RE: Charset policy - Post Munich from Ned Freed on 1997-10-10 (ietf-charsets@w3.org from October to December 1997)

From: Ned Freed <Ned.Freed@INNOSOFT.COM>
Date: Fri, 10 Oct 1997 08:49:12 -0700 (PDT)
To: Martin J. Dürst <mduerst@ifi.unizh.ch>
Cc: Ned Freed <Ned.Freed@INNOSOFT.COM>, ietf-charsets@INNOSOFT.COM
Message-id: <01IOMYS9M6LC9JD2XE@INNOSOFT.COM>
> > Please note that designs like MIME encoded-words and MLSF which do allow
> > individual character tagging, do NOT qualify. The fact that these designs allow
> > individual character tagging (albeit in a very painful and artificial way) is a
> > artefact of the design constraints these things operate under.

> You guessed in the right direction, obviously. But I see a big difference
> between MIME encoded words (as extended in the pvcsc spec) and MLSF.

Two additional points need to be made here:

(1) MLSF is no longer on the table as a proposal at the present time. This
    may change, however, if the UTC and ISO do not deliver on embedded language
    tags.

(2) If MLSF needs to be revived I for one will support it. As such, I have
    no intention of putting something in a document that would prevent this
    from happening unless and until I am specifically directed to do so by
    either an AD or a WG chair with jurisdiction over the charset registration
    specification. You can object all you want, but since this is not a WG
    there's no chair, so unless you can convince either Harald or Keith
    that such language belongs in the document it simply is not going to
    happen.

> On the technical side, PVCSC does not apply to characters, it applies
> to encoded words. Encoded words have to be separated by linear white
> space (which is not removed when decoding the encoded words, as far
> as I understand), and can only have one language.  

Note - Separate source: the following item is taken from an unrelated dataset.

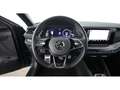 Skoda Octavia Combi 2.0 TDI 4x4 RS Plus Aut MATRIX SKY Grau - thumbnail 22
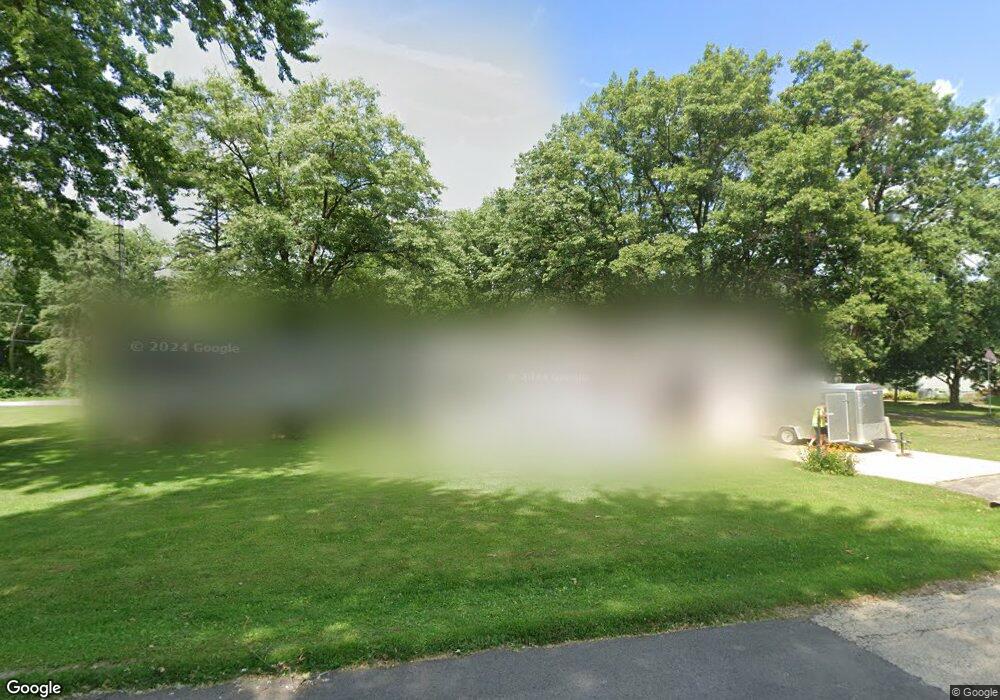 330 Oak Ridge Dr, Cedarville, IL 61013 - photo 1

I'm afraid your understanding is totally incorrect. From RFC2047:
 
   When displaying a particular header field that contains multiple
   'encoded-word's, any 'linear-white-space' that separates a pair of
   adjacent 'encoded-word's is ignored.  (This is to allow the use of
   multiple 'encoded-word's to represent long strings of unencoded text,
   without having to separate 'encoded-word's where spaces occur in the
   unencoded text.)

The problem is that encoded-words have length restrictions and restrictions
on how they can be presented. The two combine to produce a requirement that
it be possible to use multiple encoded-words to represent a long string. And
this of course opens the door up to having each character in a different
charset and language.

I also note in passing that your fundamental misunderstanding of encoded-words
either means either you have never implemented any of this or if you have you
haven't done it properly. And I must confess that I am very disappointed by
this. I had always assumed that you had substantive experience with both
charset design and implementation of charset support -- experience that far
exceeded my own, and that our present disagreement arose mostly out of a
disconnect between the way the IETF does business and what you've seen happen
in other venues. In fact I have even gone so far as to recommend you as someone
with a good grasp of these issues.

I now see that my assessment was wrong. And I hasten to add that any fault --
if fault is the right word -- is mine and mine alone -- you never
misrepresented your abilities or experience. I simply assumed too much, and now
have to revise my opinion.

But the fact of the matter is that this is one of those things where if you
haven't either implemented it yourself or tried to support an implementation in
real-world use you cannot possibly know, let alone understand, the real-world
issues that come up. I've done both -- I've done not one but two
implementations of encoded-word support, both in commercial products that are
widely used in over 50 countries, and I have done ongoing support work on both
and continue to do so at the present time. And let me tell you that the
handling of encoded words containing characters in multibyte charsets is in
fact quite tricky and difficult to get right. And language tags make it even
worse -- I have preliminary support in place for them so I think it is at least
doable, but I'm a ways away from actually trusting that I have all the details
right. (And in this case there's an entire pantheon of devils in the details.)

> The same for the
> language specification for parameters defined in PVCSC, it is
> one language per parameter, which is not individual character tagging.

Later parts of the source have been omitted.